## Epoch vs Batch Size vs Iterations

Epoch, Batch size and iterations they all look similar right. You will come to know of them in a short while.

Before that let’s know few terms.

**Samples**

Sample consists of inputs that are used into algorithm and outputs used to compare the prediction and calculate an error. A sample is single row of data.

We can form a dataset by using samples.

**Gradient Descent**

Gradient means the rate of inclination or declination of a slope.

Descent means the instance of descending.

It is an **iterative** optimization algorithm used in machine learning to find the best results (minima of a curve).

It is an iterative algorithm because it gives multiple results to get the optimal results.

In most cases, it is not possible to input all the training data to an algorithm in one pass.

An **epoch **is when an entire dataset is passed forward and backward through the neural network exactly once. If the entire dataset cannot be passed into the algorithm at once, it must be divided into several small Batches. **Batch size **is the total number of training samples present in a single batch. An **iteration **is a single gradient update during training. The number of iterations is the number of batches needed to complete one epoch.
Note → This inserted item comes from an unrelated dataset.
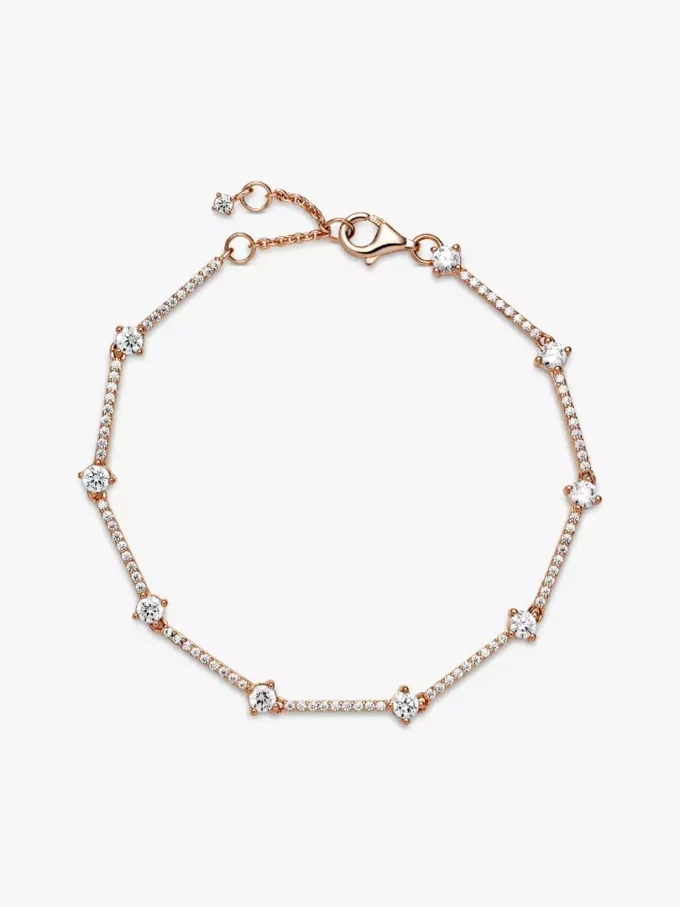 Funkelndes Pavé-Armband mit Stäbchen, 14 Karat Roségold-Beschichtung Funkelndes Pavé-Armband mit Stäbchen, 14 Karat Roségold-Beschichtung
So, if a dataset includes 2,000 images split into mini-batches of 500 images, it will take 4 iterations to complete a single epoch.

**What is the right number of epochs?**

During each pass through the network, the weights are updated and the curve goes from underfitting, to optimal, to overfitting. There is no magic rule for choosing the number of epochs — this is a hyperparameter that must be determined before training begins.

**What is the right batch size?**

Batch size is also a hyperparameter with no magic rule of thumb. Choosing a batch size that is too small will introduce a high degree of variance within each batch as it is unlikely that a small sample is a good representation of the entire dataset. On the other hand, if a batch size is too large, it may not fit in memory of the compute instance used for training and it will have the tendency to overfit the data. It’s important to note that batch size is affected by other hyperparameters such as learning rate so the combination of these hyperparameters is as important as batch size itself.

A commonly observed batch size is to use the square root of the size of the dataset.